DESCRIPTION OF THE TASK
If pictures appear among the lines below, leave them out while you return exactly the lines from the one with "Delux Near Centre * London" through the one with "Used 2015 Chevrolet".

SOURCE MATERIAL
----

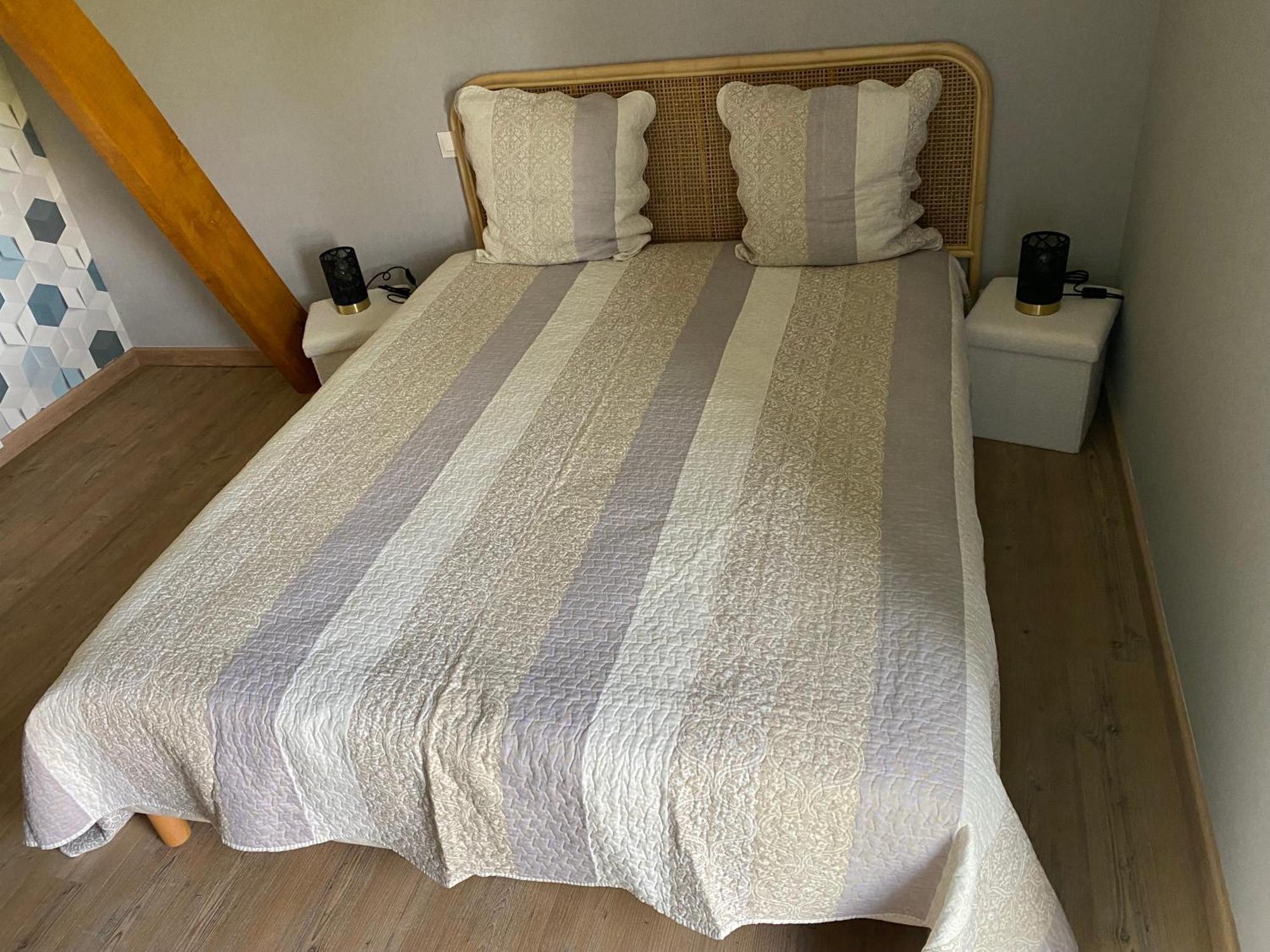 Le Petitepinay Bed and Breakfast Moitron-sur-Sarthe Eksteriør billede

----

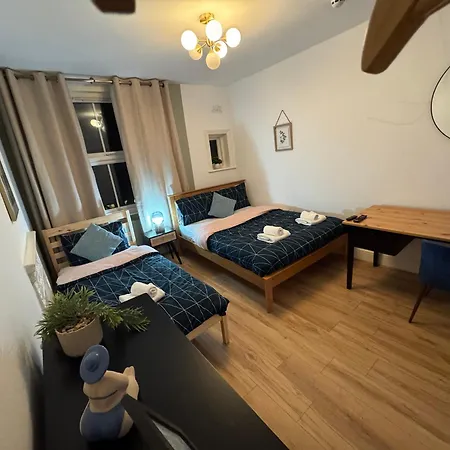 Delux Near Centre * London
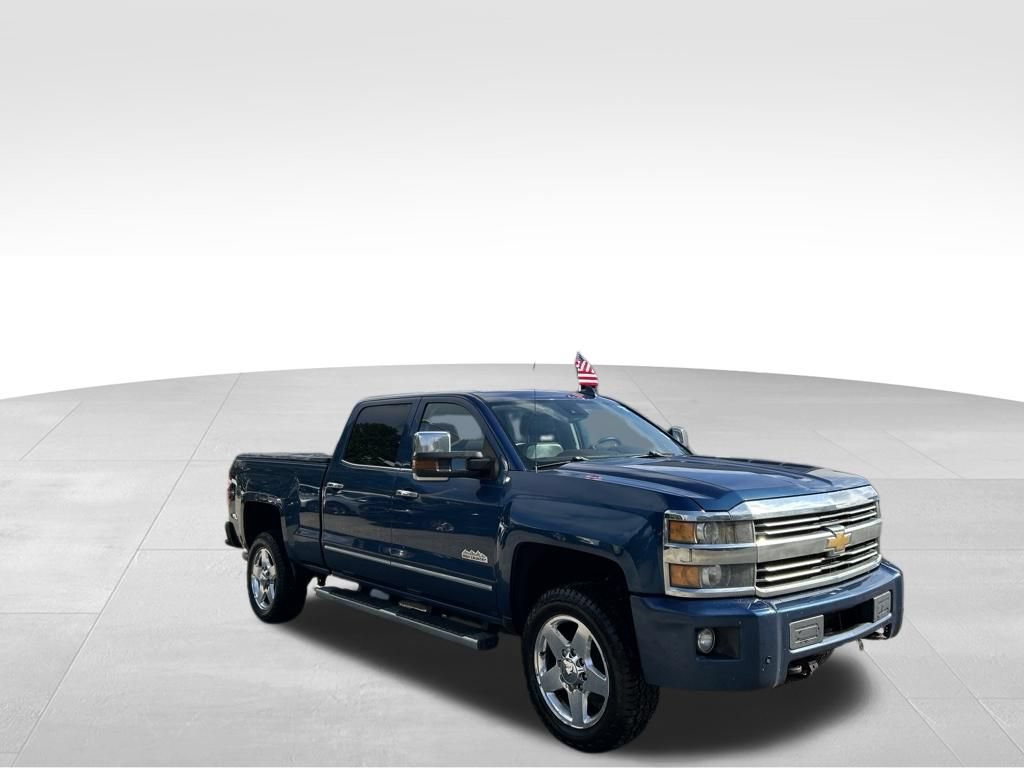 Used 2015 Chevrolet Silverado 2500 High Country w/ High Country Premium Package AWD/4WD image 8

----

ANSWER SPACE
 Delux Near Centre * London
 Used 2015 Chevrolet Silverado 2500 High Country w/ High Country Premium Package AWD/4WD image 8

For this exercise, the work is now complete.